Disable the guard for specific directories with an exception list:
# Add to tdd_guard.py, after the path is determined:
EXCLUDED_DIRS = {
"migrations",
"legacy",
"scripts",
"generated",
"vendor",
"node_modules",
}
if any(part in EXCLUDED_DIRS for part in path.parts):
sys.exit(0)
Or disable it entirely for the session when doing a legacy refactor:
# In your shell — temporarily bypass the hook
CLAUDE_SKIP_TDD_GUARD=1 claude
Add a check to the hook:
if os.environ.get("CLAUDE_SKIP_TDD_GUARD"):
sys.exit(0)
Real-World Setup: The Minimal Stack
If you want to implement this gradually, start here:
Week 1: Add the CLAUDE.md rules only. Observe how often Claude follows them unprompted.
Week 2: Add the run_tests.sh PostToolUse hook. This alone is high-value — you get immediate test feedback without blocking anything.

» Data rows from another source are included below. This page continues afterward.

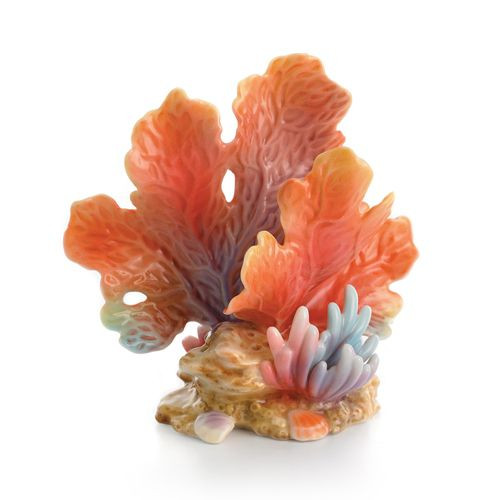 Franz Porcelain By The Sea Tree-Form Coral Figurine FZ01522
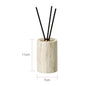 Travertine Bathroom Set Luxury Soap Dish Soap Dispenser Tissue Box Vanity Tray Bathroom Accessories Set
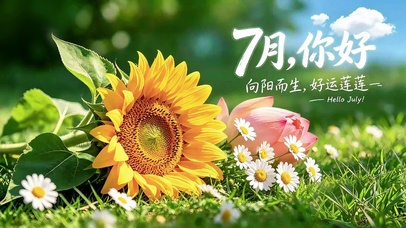 7月向阳而生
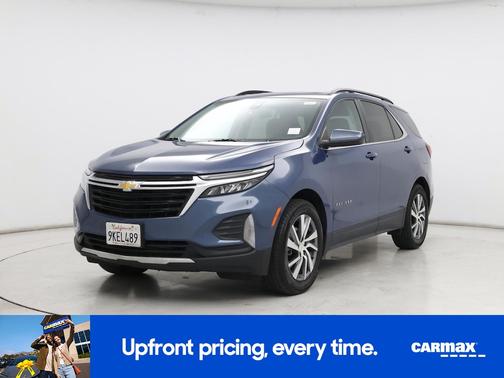 Blue 2024 Chevrolet Equinox LT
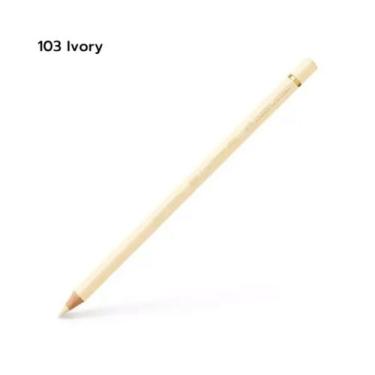 Imagem de Lápis de Cor Faber Castell Polychromos Avulso, 103 Ivory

Week 3: Add the tdd_guard.py PreToolUse hook for new projects or modules. Do not enable it retroactively on legacy code.
As needed: Add the TDD skill for complex features where you want explicit loop control.
What This Does Not Solve
The hook-based approach enforces test file existence, not test quality. Claude can write a test that trivially passes:
def test_token_validator():
assert True # placeholder
This defeats the purpose. The CLAUDE.md rule “verify the test fails before writing implementation” is your defense against this — Claude should confirm red before green. You can add an optional prompt hook that asks Claude to confirm test failure, but this adds latency.
The deeper fix is code review. Treat AI-generated tests with the same skepticism as AI-generated implementation code. The hooks and skills improve the process; they do not replace judgment.